In the records below, the lines between the one holding "ROBIN T SUI" and the one holding "top / significant lace", inclusive, are to be transcribed exactly; no pictures are to be included.

**Information supplied**
■ ■ ■ ■ ■

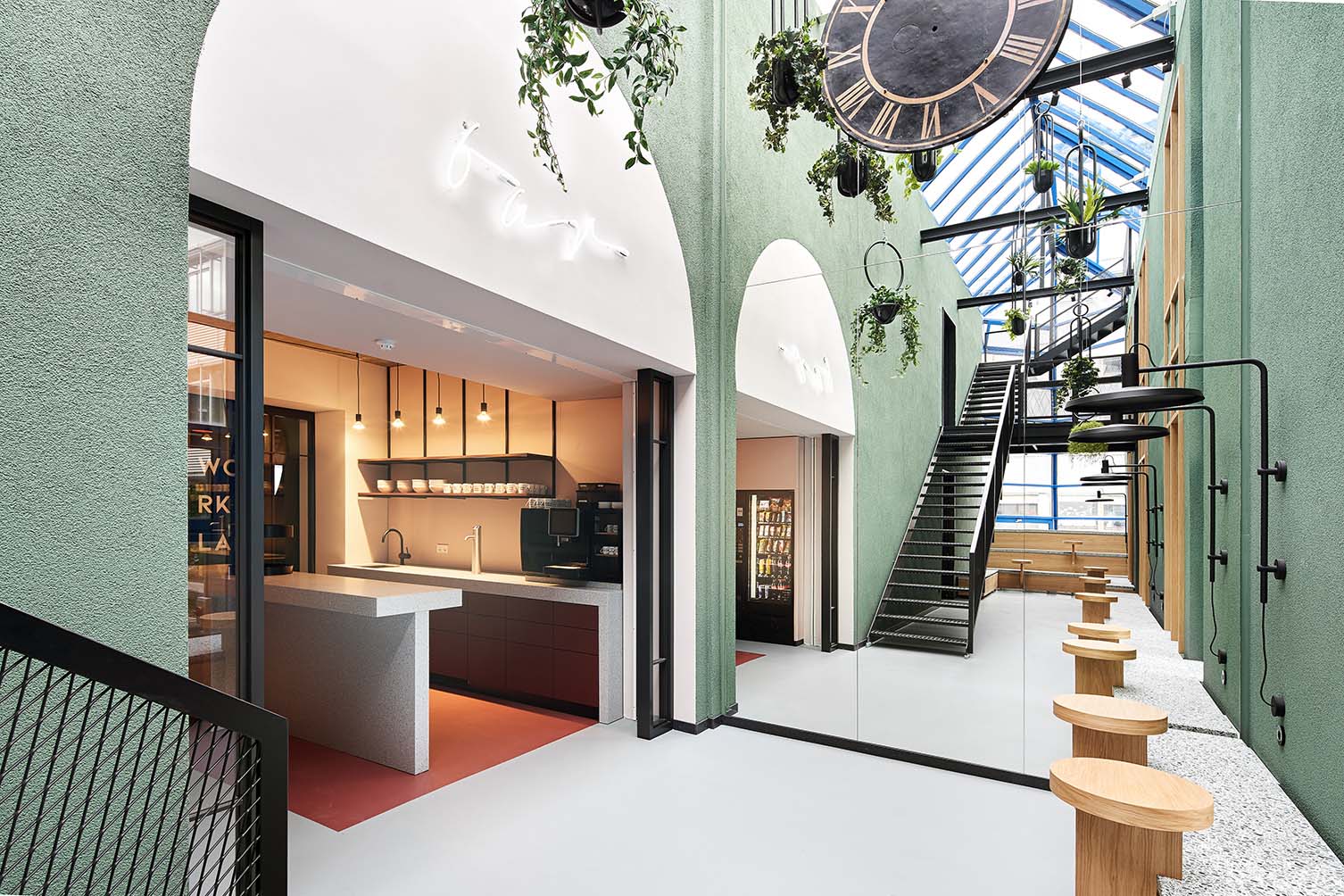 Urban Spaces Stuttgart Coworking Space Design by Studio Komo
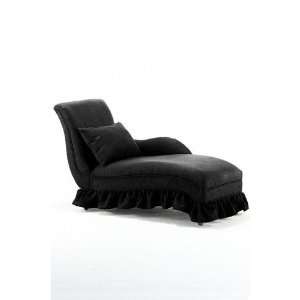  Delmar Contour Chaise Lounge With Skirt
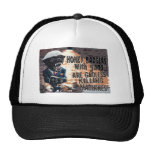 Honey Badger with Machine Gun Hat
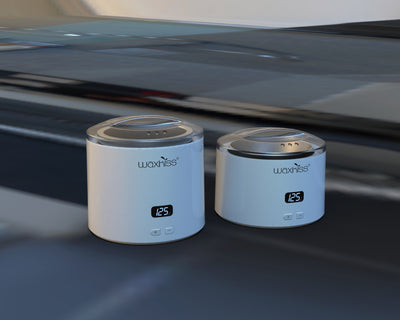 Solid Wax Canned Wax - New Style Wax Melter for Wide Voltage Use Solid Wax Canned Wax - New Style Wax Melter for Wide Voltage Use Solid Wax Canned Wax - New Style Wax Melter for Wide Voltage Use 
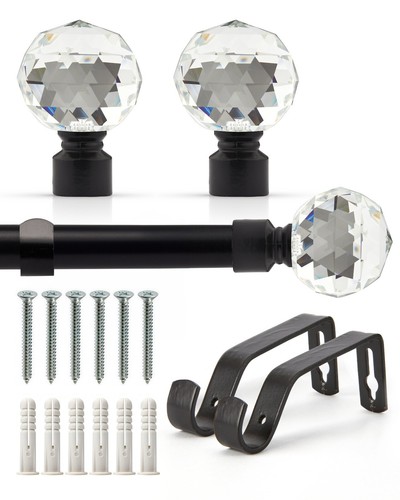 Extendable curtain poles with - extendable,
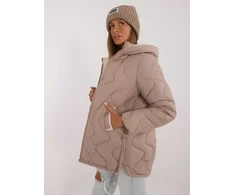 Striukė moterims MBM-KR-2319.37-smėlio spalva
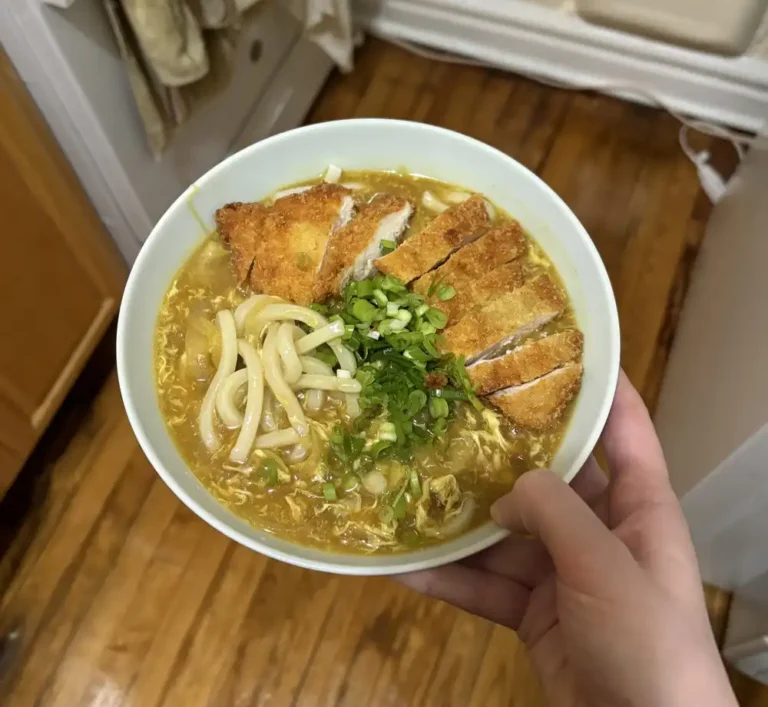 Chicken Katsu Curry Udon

■ ■ ■ ■ ■

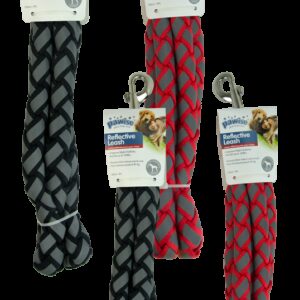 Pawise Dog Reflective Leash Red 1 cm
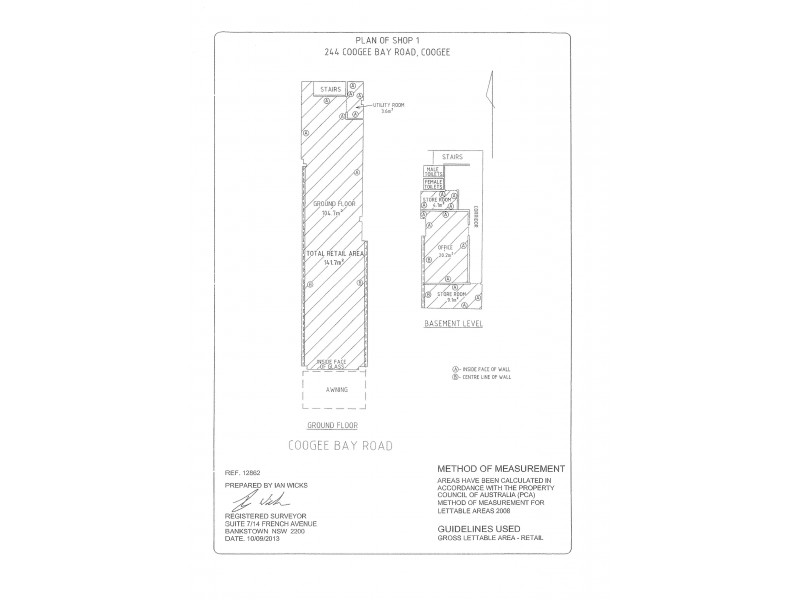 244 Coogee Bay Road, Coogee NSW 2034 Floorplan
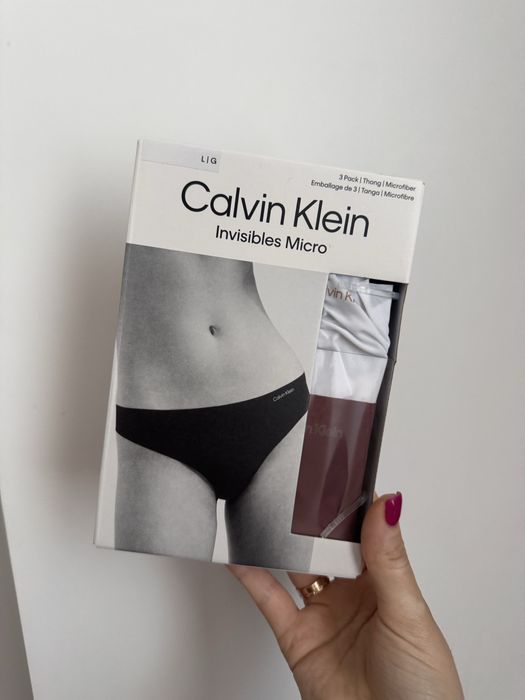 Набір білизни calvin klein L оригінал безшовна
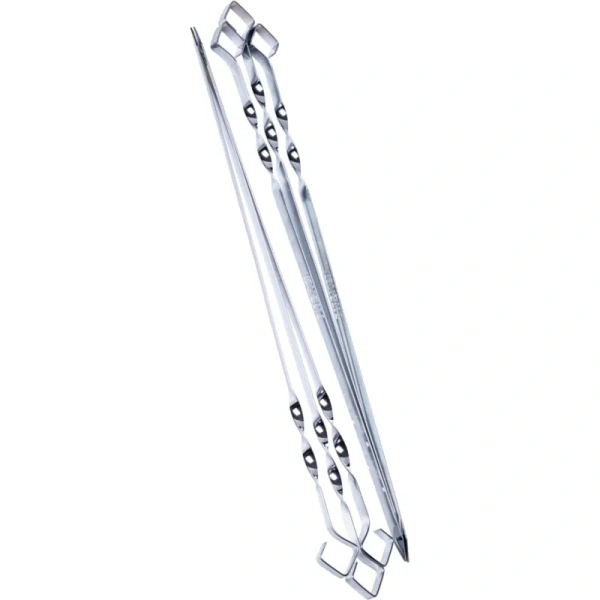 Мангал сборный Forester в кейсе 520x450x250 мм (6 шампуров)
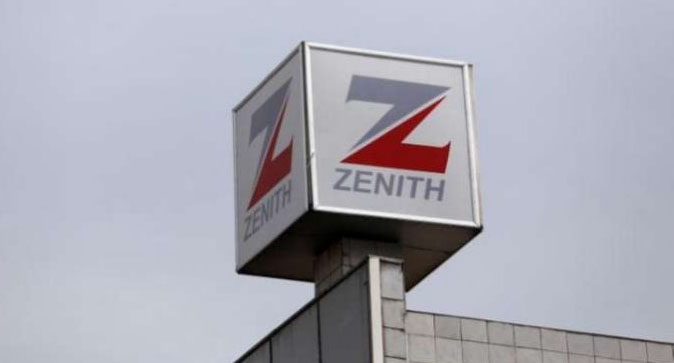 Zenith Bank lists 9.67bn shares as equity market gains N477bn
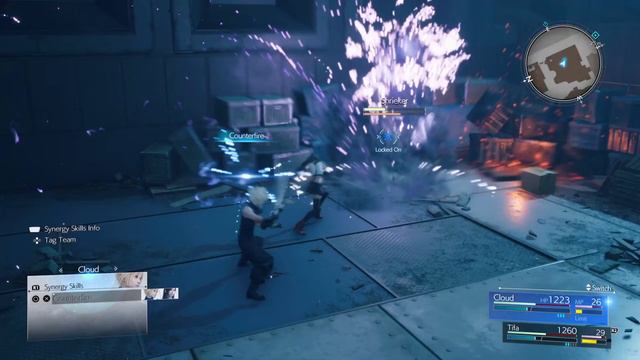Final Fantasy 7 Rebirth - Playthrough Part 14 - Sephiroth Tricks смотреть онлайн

■ ■ ■ ■ ■

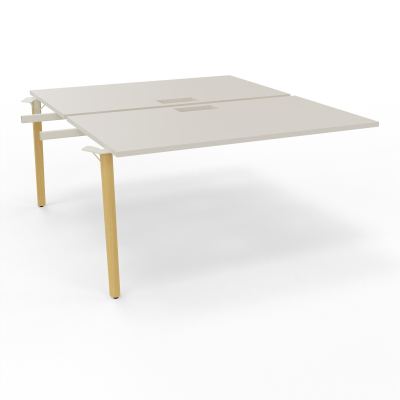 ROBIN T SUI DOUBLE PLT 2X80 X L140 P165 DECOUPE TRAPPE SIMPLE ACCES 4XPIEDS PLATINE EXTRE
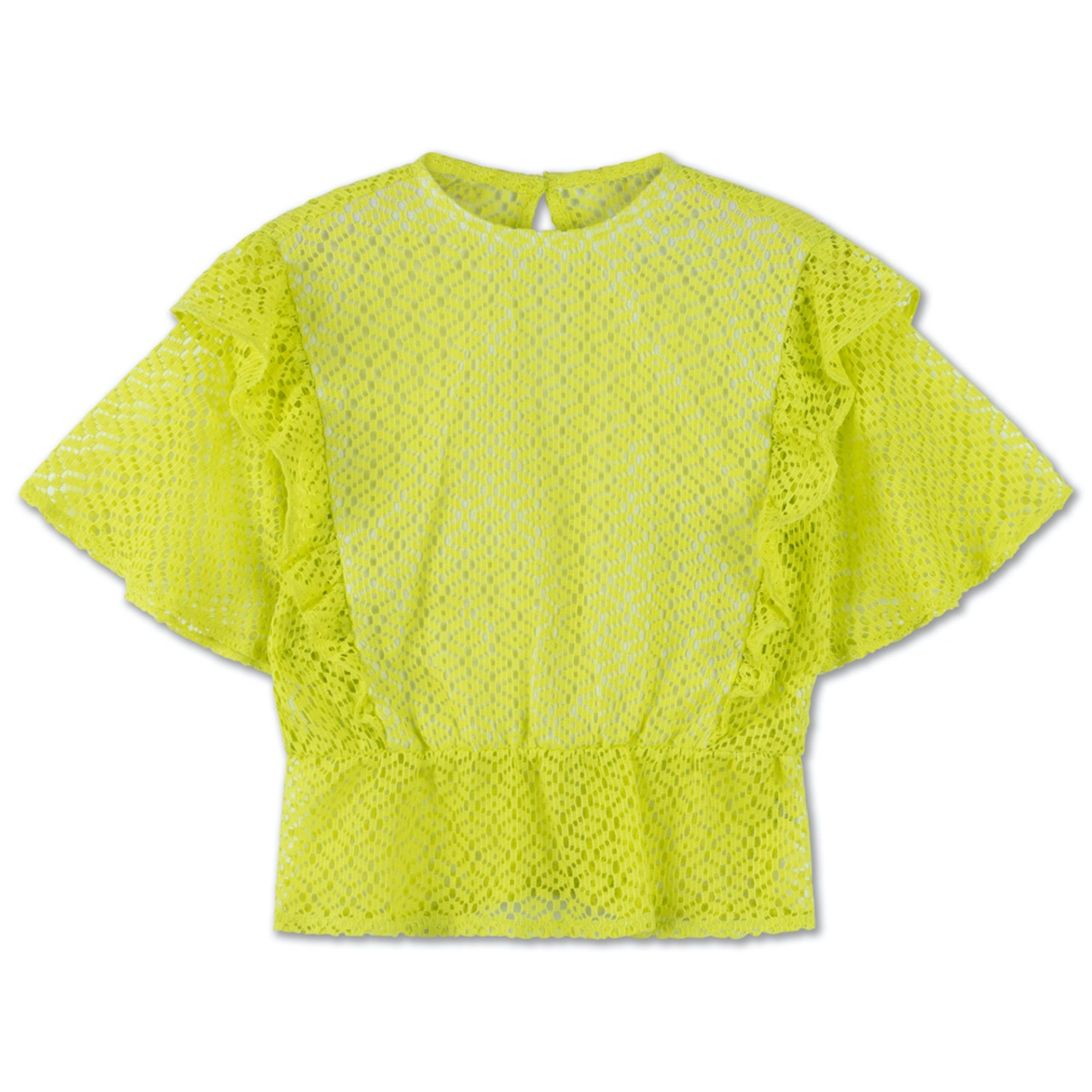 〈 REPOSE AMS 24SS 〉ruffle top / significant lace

■ ■ ■ ■ ■

**Output below**
 ROBIN T SUI DOUBLE PLT 2X80 X L140 P165 DECOUPE TRAPPE SIMPLE ACCES 4XPIEDS PLATINE EXTRE
 〈 REPOSE AMS 24SS 〉ruffle top / significant lace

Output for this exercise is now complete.